8

Apologies for any mistaken terminology--I'm quite new to computer science, and I pretty much only know Clojure (but I guess I'd say I know it pretty well).

So, I haven't done a ton of research on this, but I've sometimes found it useful when writing Clojure code to be able to refer to some "intermediate version of whatever data structure I'm in" from within that data structure (a lot like in a let). Quick examples:

=> (self-ish {:a 10
              :b (inc (this :a))
              :c (count (vals this))})
=> {:a 10, :b 11, :c 3}
=> (self-ish ["a" "b" (reduce str this)])
=> ["a" "b" "ab"]
//Works in any nested bits too
=> (self-ish [1 2 3 [4 5 (first this)] 6 [7 [8 (cons (second this) (nth this 3))]]])
=> [1 2 3 [4 5 1] 6 [7 [8 (2 4 5 1)]]]

The idea is that the structure builds itself up incrementally, and at any stage has the ability to refer to the current intermediate structure as this. Here's the code for my current implementation:

//Random straightforward but helpful definitions
(defn map-entry? [obj]
  (instance? clojure.lang.AMapEntry obj))
(def Map clojure.lang.IPersistentMap)
(def Vector clojure.lang.IPersistentVector)
(def List clojure.lang.IPersistentList)
(def Set clojure.lang.IPersistentSet)

(defn append
  [x coll]
  (if-not coll x
    (condp instance? coll
      Map (if (empty? x) coll
            (assoc coll (first x) (second x)))
      Vector (conj coll x)
      Set (conj coll x)
      List (apply list (concat coll [x]))
      (concat coll [x]))))

(defn build-this
  [acc-stack acc]
  (->> (cons acc acc-stack)
       (drop-while list?)
       (drop-while (every-pred empty? identity))
       (reduce append)))

(defn self-indulge
  [acc-stack acc form]
  ;//Un-comment the following to see it print intermediate stages of processing
  #_(println "this:" (build-this acc-stack acc) "\n  at:" form)
  (append (cond
            (coll? form) (reduce (partial self-indulge (cons acc acc-stack))
                                 (if (map-entry? form) []
                                   (empty form))
                                 form)
            (= (quote this) form) (build-this acc-stack acc)
            :else form)
          acc))

(defmacro self-ish
  [form]
  (self-indulge () nil form))

The append function appends an item onto a collection and returns the same type of collection. The self-indulge function has a standard reduce-like accumulator, which just builds up elements of form. It also has a accumulator stack, which gets longer every time self-indulge recurs upon itself. The point of this is to keep track of other "higher up" accumulators, so that this will be the entire structure, not just a local piece. The self-ish macro just nicely wraps up self-indulge (which calls itself using partial, so it can't wear the macro pants).

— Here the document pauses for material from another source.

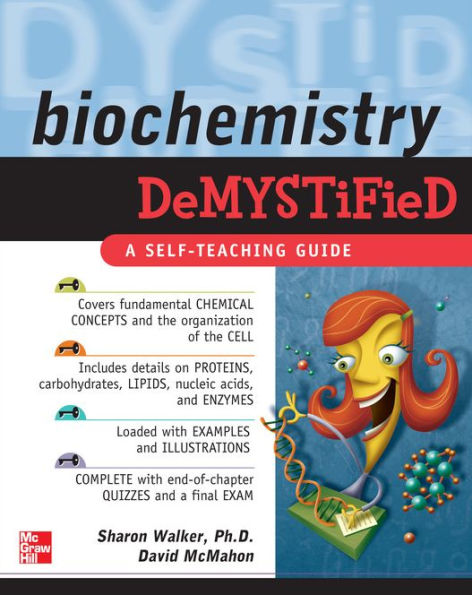 Biochemistry Demystified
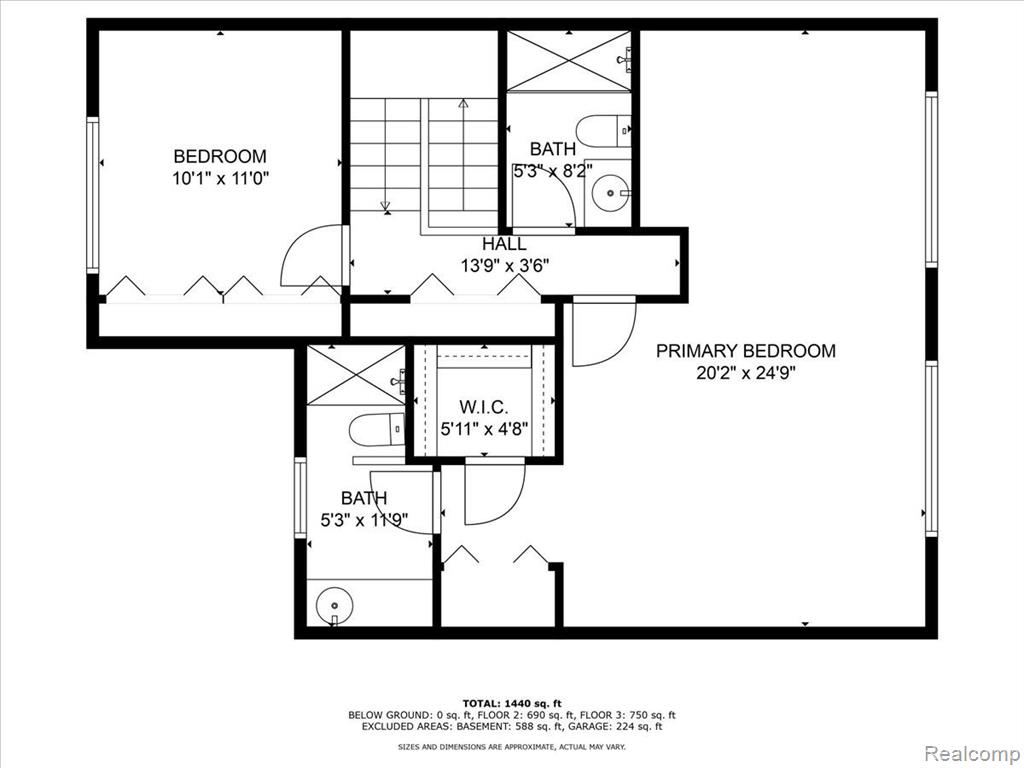 26540 Inkster Road Southfield, MI 48033 - Photo 31 of 33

Edit: example use case To me, this macro is about trying to increase code readability, not truly extending functionality. Where I have found this useful is in cases where I have hand-written structures with partially redundant data--or maybe "dependent" is a better word. It can be easier to read the code and see what different parts of the data structure hold, and it can also be useful if I modify data values in one part of a structure and want that change to be reflected in other parts. For example:

=> (self-ish {:favorite-books (list "Crime and Punishment" "Mrs. Dalloway")
              :favorite-things (list* "Ice Cream" "Hammocks" (this :favorite-books)})
=> {:favorite-things ("Ice Cream" "Hammocks" "Crime and Punishment" "Mrs. Dalloway"),
    :favorite-books ("Crime and Punishment" "Mrs. Dalloway")}

It could also be useful in times where one might really like to include something baked into the data, as opposed to derived on the fly using some function. These cases are probably much rarer, and I think it would be a bad idea to tangle the data unnecessarily when you could just have nice clean functions manipulating it.

My main questions:

  1. Is this actually useful, or would the ambiguity/complexity incurred be too much? I imagine I'm not alone in wanting/using this type of macro. What are others' experiences here? Do you use something like this? Have you found better workarounds? Are there reasons something like this isn't in any Clojure libraries? Or is there something that I haven't yet seen?
  2. Are there better naming conventions I might use--as opposed to self-ish and this? For example, maybe this is too loaded with OOP meaning, I'm not sure, I am basically only familiar with Clojure.
  3. I am pretty new to computer science, are there accessible and informative resources related to this type of thing--I guess I would call it anonymous self referential (maybe reflexive is a better word?) data structures? I haven't found anything both approachable and informative yet.
  4. Is there a better way to write the self-ish macro? Above, I've included my current version of it, but I can't shake the feeling there may be a simpler way.
  5. I have various questions about what might be the "wisest" implementation details.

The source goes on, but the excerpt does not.